[[ Material for this exercise, beginning ]]
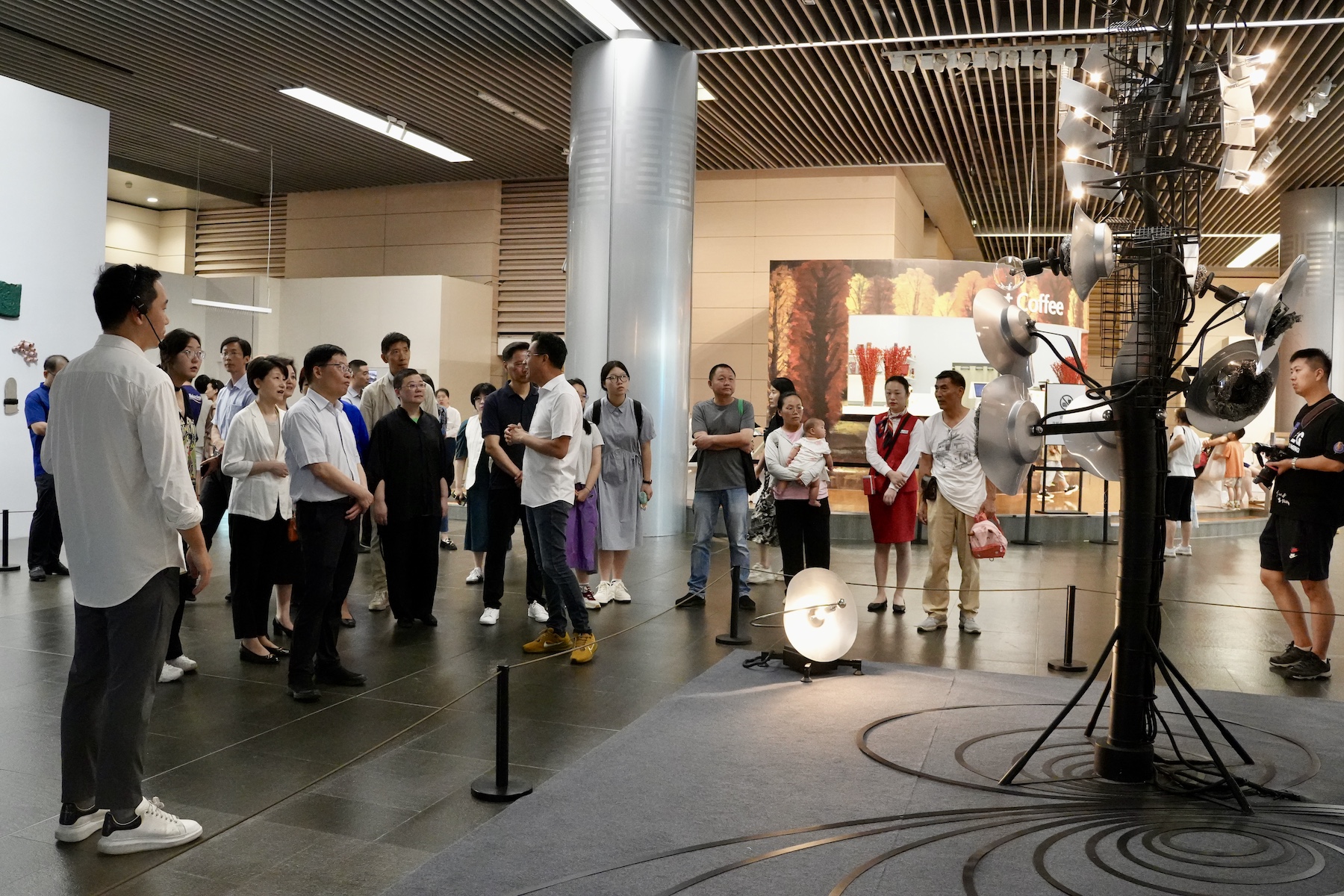 裝置藝術(shù)等展品呈現(xiàn)出中國(guó)美術(shù)多樣化的發(fā)展態(tài)勢(shì)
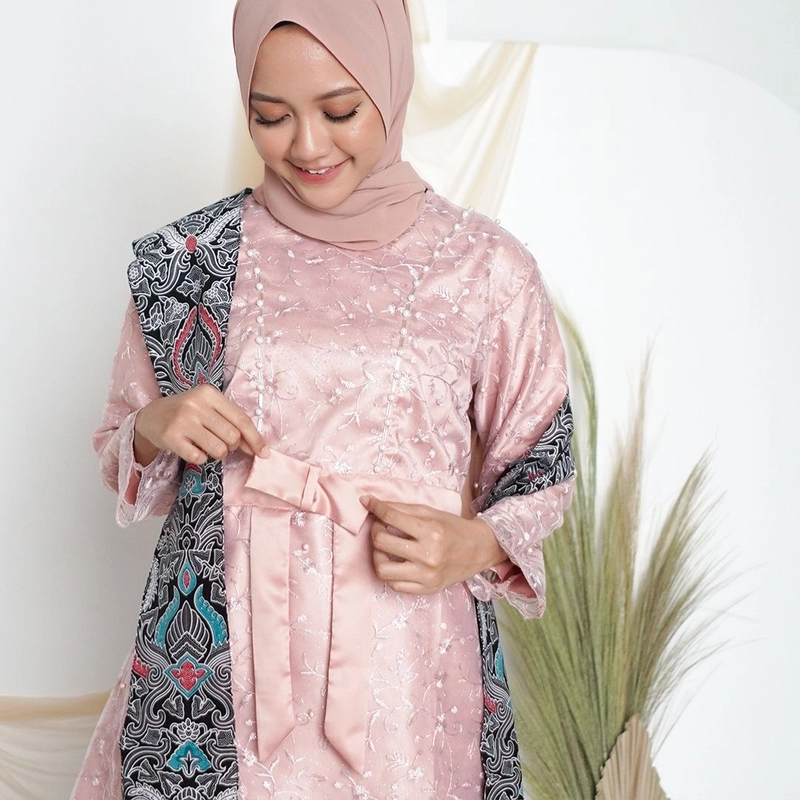 Product image Kebaya Kondangan/Lamaran - Batik Couple Adhisti - Brokat Tille Mutiara Sarimbit Modern Rok Span Pinggang Karet Kemeja M Rose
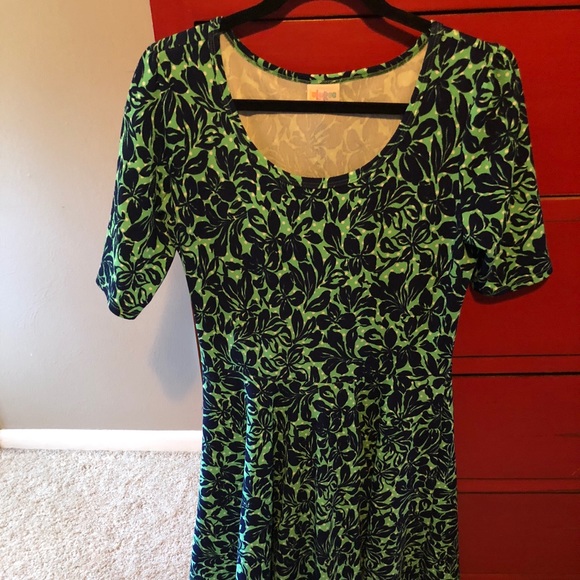LuLaRoe Dresses & Skirts - LuLaRoe Nicole dress, size Large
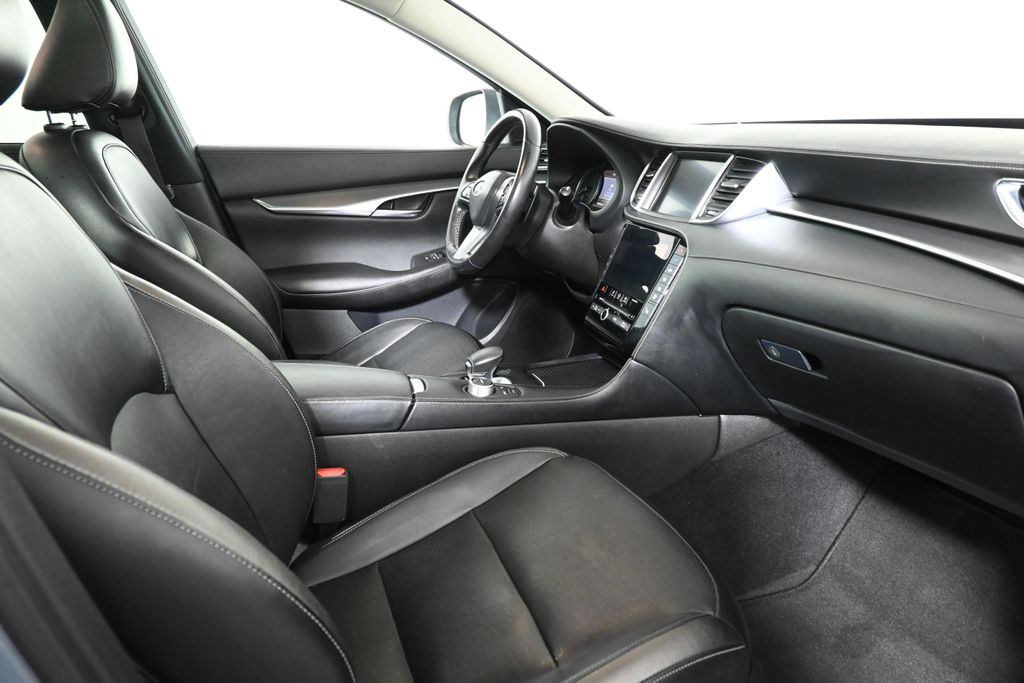 2022 INFINITI QX50 Luxe 24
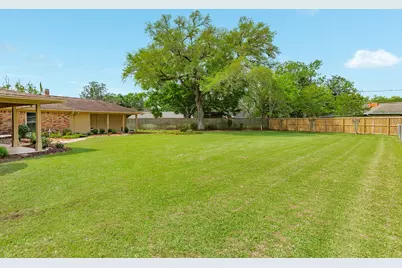 130 Nasturtium Street, Lake Jackson, TX 77566 - Photo 35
[[ Material for this exercise, end ]]
**What you need to do:** Make an exact copy of the records above, with the pictures left out.

**Task answer:**
 裝置藝術(shù)等展品呈現(xiàn)出中國(guó)美術(shù)多樣化的發(fā)展態(tài)勢(shì)
 Product image Kebaya Kondangan/Lamaran - Batik Couple Adhisti - Brokat Tille Mutiara Sarimbit Modern Rok Span Pinggang Karet Kemeja M Rose
LuLaRoe Dresses & Skirts - LuLaRoe Nicole dress, size Large
 2022 INFINITI QX50 Luxe 24
 130 Nasturtium Street, Lake Jackson, TX 77566 - Photo 35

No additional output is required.